I told something similar to my lawyer a couple weeks ago when I last met with him.  We were leaving his office and I joked to him about writing a book about all this someday...to which he replied, "If you do, make sure you let me write the forward!"  I told him he'd better watch what he says, as I may just take him up on that...that I have been journaling throughout this process and friends have suggested I create a book...only I can't do it yet, as I have chapters ahead of me that are not yet written. 

I sat in my Pastor's office about a month ago, questioning out loud if I was doing the right thing, staying here even though I know I could be applying to go back into the teaching world, which would help me make ends meet better...but as I continued, I explained that I still feel that it's not the right time, that if I go back now, I'd be giving up on starting up art classes, on creating more of my own art, or the idea of writing a book.  A year ago, when I said those goals or dreams of mine out loud, I felt silly, childish, like a dreamer that needed to wake up to reality.  I am a single mom, with bills to pay, I shouldn't be thinking of my own dreams in that way right now.  But this year, it felt different.  The path life has taken me on, I feel like there is more I should be doing, but just haven't put my finger on exactly what it is.  I told my pastor, as he knows, I have been reading and researching about the concept of the Holy Spirit this past year and am trying to pray to God, trust in his plan for me from here, but I just can't quite see it yet.  His response was a story of when a man was waiting for an answer from God and claiming he couldn't see it, when God had it all right there in front of him, he just needed to take the first step and begin...okay, I admit it's 1:00 in the morning here and I know I left something out of that, but the point was, he said I need to take the first step, to try something and see how it goes.  So that is what I am doing.
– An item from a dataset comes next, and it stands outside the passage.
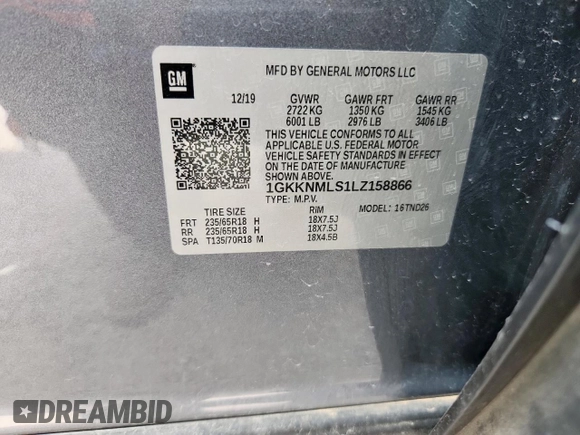 2020 GMC Acadia SLT with VIN 1GKKNMLS1LZ158866, listed as a Copart auction lot 64294815 with 84,788 mi miles and Salvage title. Bid and sale history available at DreamBid. Image 12.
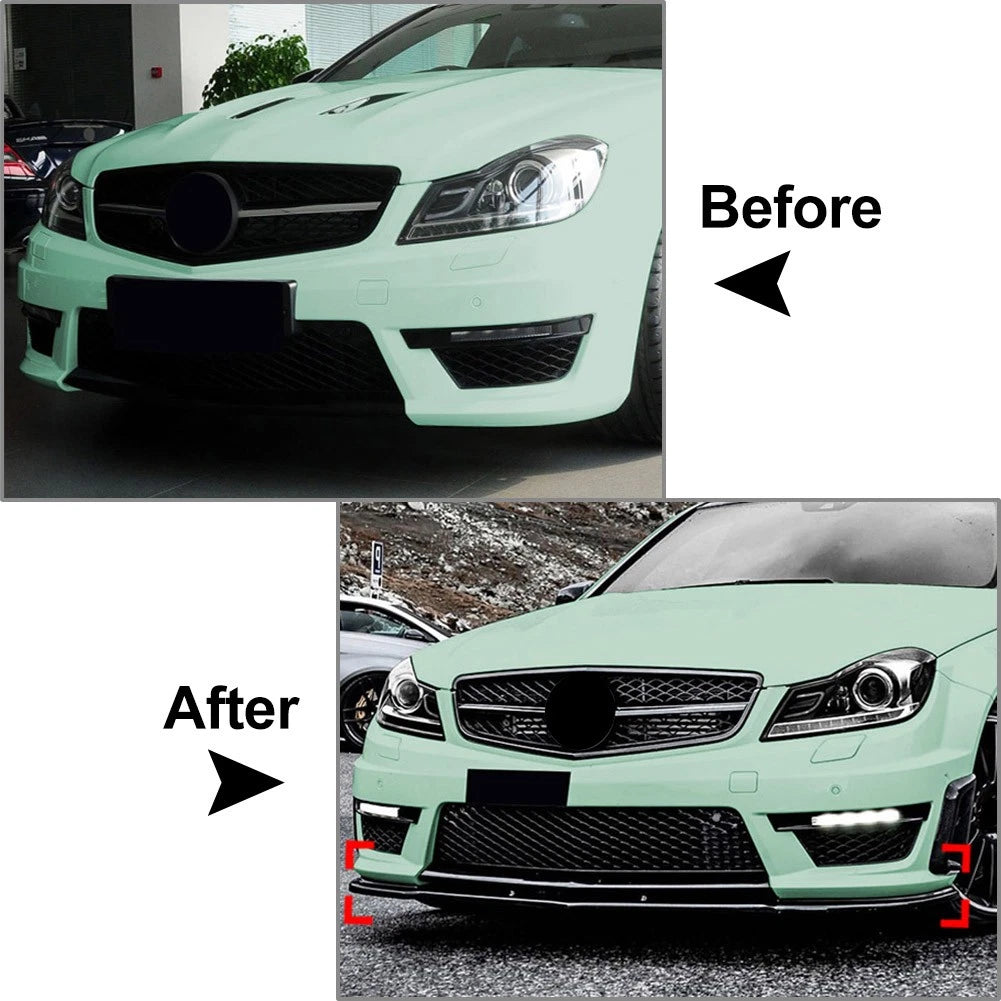 Carbon Look Front Bumper Spoiler Lip For Benz C Class W204 C63 Sedan 11-14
That day, in the lawyers office, I also began to hopefully see some light in justice system.  I was coming in to prepare for another long and undesired De Novo hearing to determine if I still would have full placement of my children for now.  I found out that the lawyer had spoken to the GAL and that as of the night before, neither of them thought there was a need for the trail as he already agreed that thing should stay as the Court Commissioner stated for now, the only part that I wasn't prepared to hear is that I had to pick one of my ex's three choices for the supervisor to be present for placements.  I did, with a list that my lawyer and I came up with of expectations for the visits and a few days later I heard there would be no trail.  Still, I heard nothing about him having a visit until the last day of school.  Ironically, I didn't have anything planned that night, as we had plans the next night, on Friday to celebrate...and before I knew it, I was taking me kids for their first three hour supervised visit.  The kids were, of course, excited to see their dad, as they hadn't since January.  Myself, I was happy that they were able to see that he was okay, yet had nervous feelings as to what comes next.  Things went well for the visit and the GAL had seemed extremely grateful for both the short notice and my flexibility with everything.  He said he really wanted them to have had a visit before they meet with him this coming week.  Yes, as a part of this upcoming week of summer, means I have to take my children to the court house to have them each interviewed one on one with the GAL and Case Study worker.  I am not worried what will happen, just wish they didn't have to do this.  At least it will be done with.  Then, I meet again with them both, without my children in July before a final placement document is drawn up.  Again, I don't have much faith in the legal system after how the past almost five years now have went, but I am taking it day by day.  As it's all I can do.

One more quote from the movie last night, "India hits you like a wave. If you resist, you will be knocked down. But it you dive into it, you will be all right."

Yes, I guess the pass year or few years have definitely hit me like a wave, but I have learned to float along in it and I am hoping the shore is in the not too distance future.